Un milliard les met en haleine :
C’est peu pour la fidélité.
Le peuple s’écrie : Oiseaux, nous payons notre chaîne ;
Gardez bien, gardez bien votre liberté.
Aux pieds de prélats cousus d’or,
Charles dit son Confiteor.
On l’habille, on le baise, on l’huile,
Puis, au bruit des hymnes sacrés,
Il met la main sur l’Évangile.
Son confesseur lui dit : « Jurez.
« Rome, que l’article concerne m,
« Relève d’un serment prêté. »
Le peuple s’écrie : Oiseaux, voilà comme on gouverne ;
Gardez bien, gardez bien votre liberté.
De Charlemagne, en vrai luron,
Dès qu’il a mis le ceinturon,
Charles s’étend sur la poussière.
« Roi ! crie un soldat, levez-vous !
« Non, dit l’évêque ; et, par saint Pierre,
« Je te couronne, enrichis-nous.
« Ce qui vient de Dieu vient des prêtres.
« Vive la légitimité ! »
Le peuple s’écrie : Oiseaux, notre maître a des maîtres ;
Gardez bien, gardez bien votre liberté.
Oiseaux, ce roi miraculeux
Va guérir tous les scrofuleux.
Fuyez, vous qui, de son cortége,
Dissipez seuls l’ennui mortel :
Vous pourriez faire un sacrilége n
En voltigeant sur cet autel.
Des bourreaux sont les sentinelles
Que pose ici la piété.
Le peuple s’écrie : Oiseaux, nous envions vos ailes ;
Gardez bien, gardez bien votre liberté, (bis.)
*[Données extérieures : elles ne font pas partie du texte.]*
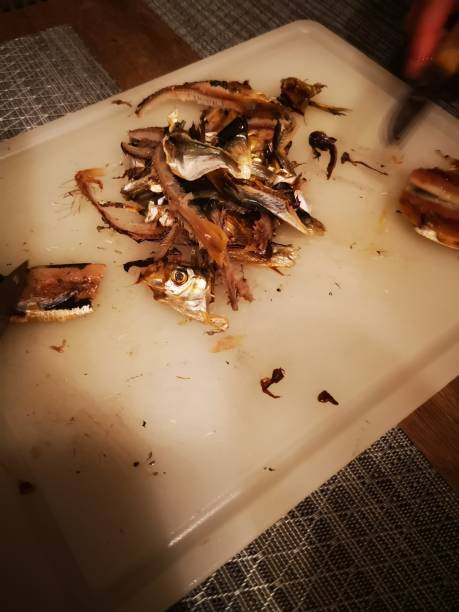 istock filleting smoked sprat, smoked whitebait 1135684293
k. Charles III, dit le Simple, l’un des successeurs de Charlemagne, fut d’abord évincé du trône par Eudes, comte de Paris. Il se réfugia en Angleterre, puis en Allemagne. Mais, à la mort d’Eudes (en 898), les seigneurs et les évêques français s’étant rattachés à Charles, lui rendirent la couronne, qu’il perdit enfin lorsque, trahi par Hébert, comte de Vermandois, il fut emprisonné à Péronne, où il mourut en 924.
l. Dans l’église volent joyeux.
Au sacre de Charles X, on lâcha dans l’église un grand nombre d’oiseaux, qui se précipitèrent dans toutes les parties de la nef. Cette imitation d’une vieille coutume nous valut un des morceaux de poésie les plus parfaits de madame Tastu, à qui nous devons tant de productions délicieuses.
m. Rome, que l’article concerne.
L’article de la Charte relatif à la liberté des cultes causait, dit-on, une grande répugnance à Charles X, qui, assure-t-on encore, n’en voulait pas jurer l’observation.
n. Vous pourriez faire un sacrilége.
Allusion à la fameuse loi du sacrilége, loi barbare dont la révolution de Juillet nous a délivrés.